AUJOURD'HUI
184
SEMAINE DERNIERE
3075
PAGES VUES
455268
TOTAL VISITES
489597

Le Burundi apprécie ″positivement″ le processus de rapatriement de ses réfugiés

BUJUMBURA, 19 juil 2018 : Le Burundi apprécie ″positivement″ le déroulement du processus de rapatriement de ses réfugiés vivant dans les pays limitrophes, a déclaré mercredi M. Thérence Ntahiraja, porte-parole et assistant du ministre de l’Intérieur, de la Formation patriotique et du Développement local, au cours d’une interview accordée à l’ABP dans son cabinet de travail.

Il a fait remarquer d’emblée qu’au cours des quatre dernières décennies de crises cycliques ″ponctuées de bains de sang″ ayant suivi l’indépendance du Burundi recouvrée le 1er juillet 1962 jusqu’au 4 décembre 2008 (fin de la belligérance armée), ″beaucoup de Burundais″ s’étaient vus contraints de prendre refuge à l’étranger, notamment dans les pays limitrophes, à savoir la Tanzanie, le Rwanda et la République Démocratique du Congo (RDC ; ex-Zaïre).

Particulièrement en 2015, a-t-il illustré, au moment de ″l’insurrection″, un nombre important de Burundais ont dû fuir le pays ″suite à la terreur semée par des insurgés″ dans la province urbaine de Bujumbura abritant la capitale burundaise. En effet, a-t-il expliqué, depuis leur fuite, le chef d’Etat burundais Pierre Nkurunziza, a ordonné la protection de leurs biens, en l’occurrence les propriétés foncières et les maisons.

De surcroît, a-t-il ajouté, le président Nkurunziza a lancé un ″appel très pressant″ à tous les réfugiés burundais de retourner dans leur patrie, pour ″joindre leurs efforts à ceux de leurs compatriotes″ dans le processus de reconstruction nationale post-conflit. ″C’est ainsi que juste en 2016 après ces événements malheureux, un bon nombre de Burundais a commencé à se rapatrier de manière volontaire, à telle enseigne que depuis janvier 2016 jusqu’en août 2017, on avait déjà accueilli plus de 68.000 Burundais qui se sont rapatriés volontairement de la Tanzanie ; lesquels sont rentrés spontanément sans l’appui du Haut-commissariat des Nations Unies pour les réfugiés (HCR) ou du pays de refuge″, a-t-il affirmé.

M. Ntahiraja a signalé aussi que suite à un ″engouement″ manifesté par les réfugiés burundais pour le mouvement de retour dans leur patrie, le Burundi, la Tanzanie et le HCR ont organisé du 29 au 31 août 2017 à Dar-Es-Salaam (Tanzanie) une réunion tripartite à l’issue de laquelle sont sortis des recommandations pour accélérer ce processus à travers un rapatriement facilité. En effet, a-t-il expliqué, ce rapatriement a été organisé en deux phases dont la première phase (7 septembre 2017 au 31 octobre 2017) a permis de faciliter le rapatriement de 7.011 personnes, alors que pour la seconde phase (octobre 2017-décembre 2017), on a accueilli 13.229 personnes. Jusqu’au 31 décembre 2017, il y avait plus de 13 mille Burundais, soit 13.331 personnes, réparties en 455 ménages, qui ont été facilitées grâce à la mise en application des conclusions de la réunion tripartite Burundi-TanzanieHCR tenue à Dar-Es-Salaam (Tanzanie) fin août 2017. Ces 13.331 rapatriés issus d’un processus facilité s’ajoutent à plus de 68 mille autres rapatriés rentrés auparavant de manière spontanée″, a-t-il commenté.

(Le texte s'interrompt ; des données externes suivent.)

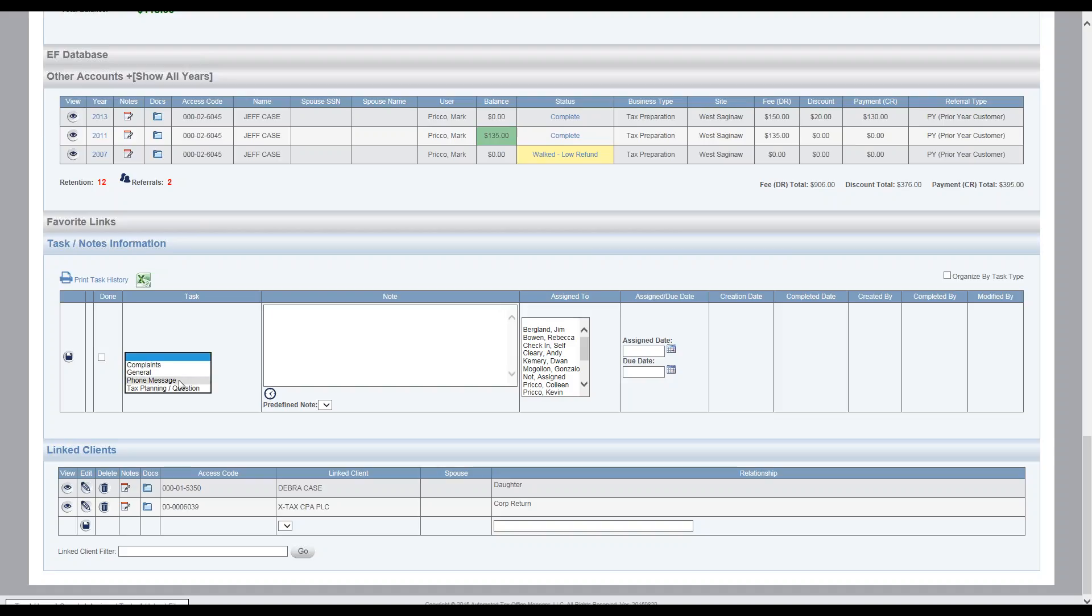I'm going to go ahead and log a phone message. That's very common. Client calls in, would like you to return a call. I select phone message. This would be typically the receptionist taking this call. Come over to the note box to type the note in.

Pour 2018, M. Ntahiraja a rappelé que le 29 mars dernier à Bujumbura, un accord tripartite portant sur l’accélération du processus du rapatriement des réfugiés burundais vivant en Tanzanie en 2018, a été conclu entre le Burundi, la Tanzanie et le HCR. Cet accord prévoit de rapatrier ″au total pas moins de 72.000 réfugiés burundais″ souhaitant retourner dans leur patrie d’ici fin 2018. ″Ainsi, dans ce cadre, depuis début janvier 2018 jusqu’au 12 juillet 2018, nous avons déjà accueilli 24.223 personnes réparties en 7.762 ménages. Et, si l’on fait l’addition, depuis le 7 septembre 2017 marquant le début du rapatriement facilité des réfugiés burundais vivant en Tanzanie jusqu’à ce jour, le Burundi a déjà accueilli 37.454 personnes réparties en 12.317 ménages. Donc, c’est un chiffre très important montrant que le mouvement de rapatriement à partir de la Tanzanie, est dynamique ; d’où l’appréciation très positive qu’en fait le gouvernement burundais″, a-t-il souligné.

Cependant, a-t-il nuancé, le défi majeur auquel fait face ce processus de rapatriement des réfugiés vivant en terre étrangère, réside en ce que ″certains pays″ ayant accueilli chez eux des réfugiés burundais, ″n’ont pas voulu coopérer″ dans la facilitation du rapatriement des personnes souhaitant retourner au Burundi.

M. Ntahiraja a rappelé que lors d’une visite effectuée début 2018 au Burundi et au Rwanda, le Haut-Commissaire des Nations Unies pour les Réfugiés (HCR), a déclaré que le président Kagame s’était dit favorable à l’organisation des rencontres tripartites entre son pays, le Burundi et le HCR pour que les réfugiés burundais vivant au Rwanda puissent rentrer dans leur pays. ″Les préparatifs ad hoc sont en cours et nous attendons pour voir si ça sera possible″, a-t-il indiqué par ailleurs.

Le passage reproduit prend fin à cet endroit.